**Recorded data**.
==================================================
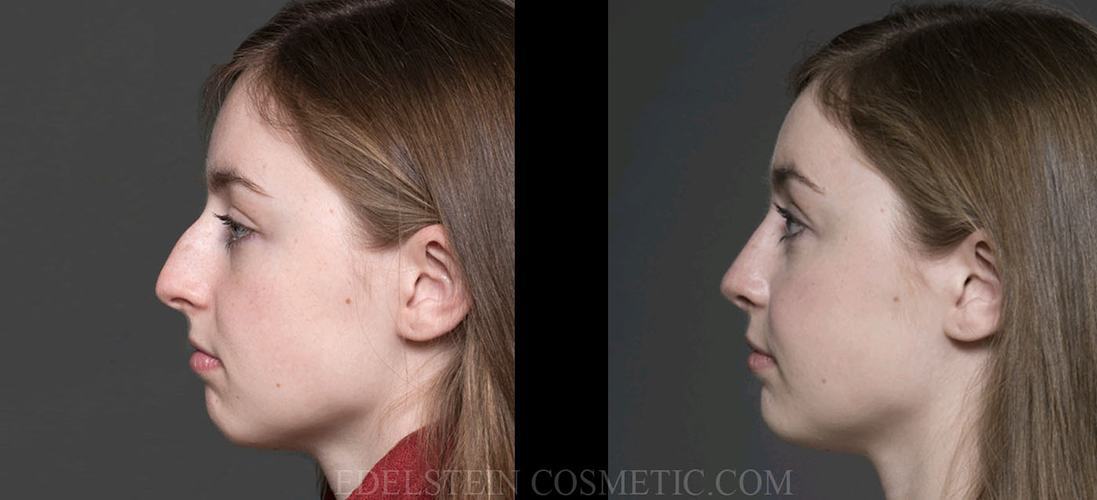 Primary Rhinoplasty case #26756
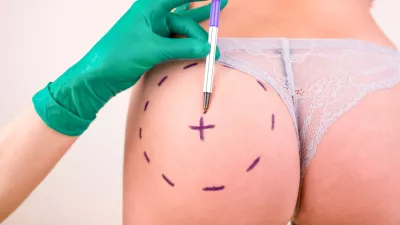 Surgeon drawing marks on female body before plastic operation, white background. Liposuction concept / Foto: Georgiy Datsenko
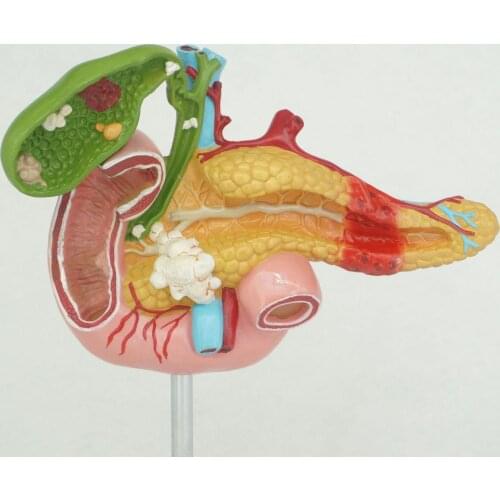 Human Anatomical Duodenum Gall Bladder Disease Anatomy Medical Model Learning Resources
==================================================
**Task prompt**.
Leave the images out. Set down all of the material above exactly.

**Task result**.
 Primary Rhinoplasty case #26756
 Surgeon drawing marks on female body before plastic operation, white background. Liposuction concept / Foto: Georgiy Datsenko
 Human Anatomical Duodenum Gall Bladder Disease Anatomy Medical Model Learning Resources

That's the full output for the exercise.